自分の経験と重なると同時に襲ってくる哀しさ、あとやっぱり自分は多数派じゃないって事を再認識させられた。
小さい頃から、まわりの人には、口だけは達者だとか、ああ言えばこう言うとか、自分が意見をすればそう片付けられる事が多かった。今も、すんなり共感されることはほとんど無い、もしくは、そーゆーの良いってって今にも言いたそうな顔をされる。生き辛いけど、これは多数派と少数派という言葉と概念が存在する限りうまく共存しなければいけないとも思う。でも多分、自分はその共存は下手だと思う。今までの人生で100%素の自分を見せた事があるのか無いのか、自分でもわからないほど、とにかく相手に合わせる方法をとって、自分が多数派であろうと必死だった。今もかもしれない。正直、死ぬまでこれと付き合うのは辛いしつまらない。でも、自分を偽りで塗り固めきるとかもっと無理すぎる。
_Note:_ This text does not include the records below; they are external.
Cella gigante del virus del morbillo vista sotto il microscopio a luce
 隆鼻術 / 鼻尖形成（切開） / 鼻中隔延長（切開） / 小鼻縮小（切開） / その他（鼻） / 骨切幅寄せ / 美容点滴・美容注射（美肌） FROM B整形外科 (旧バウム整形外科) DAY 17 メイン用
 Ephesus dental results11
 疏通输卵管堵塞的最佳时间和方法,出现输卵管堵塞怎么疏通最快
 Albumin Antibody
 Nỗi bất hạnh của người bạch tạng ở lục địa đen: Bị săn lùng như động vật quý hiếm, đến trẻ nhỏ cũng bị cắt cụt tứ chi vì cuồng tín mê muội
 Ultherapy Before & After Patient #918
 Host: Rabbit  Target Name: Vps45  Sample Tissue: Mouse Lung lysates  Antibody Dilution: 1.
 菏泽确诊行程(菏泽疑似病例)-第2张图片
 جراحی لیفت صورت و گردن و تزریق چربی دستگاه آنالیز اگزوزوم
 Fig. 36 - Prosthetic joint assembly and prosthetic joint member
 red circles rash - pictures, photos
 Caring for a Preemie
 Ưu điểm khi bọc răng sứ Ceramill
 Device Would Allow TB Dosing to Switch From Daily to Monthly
小学生の頃は、とにかくおちゃらけて自分のおもしろさを表現したくてたまらないガキだった。中学生にあがっても、小学生の時に感じた高揚感を忘れられずに、みんなの中心にいる事が好きだったし、今ではある種自分を認めてあげられる手段だったようにも感じる。高校に入って個性や自分の意見は時に邪魔になる事を知った。多くのことー英語や政治のように硬いものももちろんだが、雑学やライフハックなんかのような一見くだらないものもだーに興味を持った。そのせいかおかげか、自分の会話や意見にはどこかめんどくさい印象を持たれ始めた。もちろん自分は相手を不快にしようなんて思ったことはない。でもみんなそんな深い話をしたいなんてはなから思ってなかったのを気付けなかった。
「でた〜、お前の語り癖www」
「めんどくさぁw」
「合わないわ」
って、鼻で笑われることが増えた。それが増える度にこれはいらない個性なのかもと自覚するようになった。そこから相手に合わせる性格に拍車がかかった。それが良いか悪いかは分からない。でもみんなとの乖離が可視化できる状況が耐えられなかった。個性を殺して"普通"でいればうまく渡り歩ける気がした。でも今思えば高校生活の3年間で居心地は良くなかったのだろう。自分がアメリカに進学した理由はそんなようなことではまったくもってない。だが、潜在意識のなかに組み込まれた可能性は今でも否めない。
アメリカで自分の個性を出せるようになったか、に対する答えはNOだ。これはまた今度書こうとおもう。でも、自分を見つめ直すきっかけを掴めたことは確かだ。
今夏休みで一時帰国をし、母国日本で、小説「二木先生」を読んだおかげで、諦めずにもう少しだけ自分を見つめてみれそうかも。あと自分をもう少し尊重できるかも。だって、今後生きていれば自分と同じような"変な奴"に出会えるかもしれないし。そして同時にこんな極端な選択肢しか持てていなかった自分を少し責めた。そうしたら少しだけ息がしやすくなった。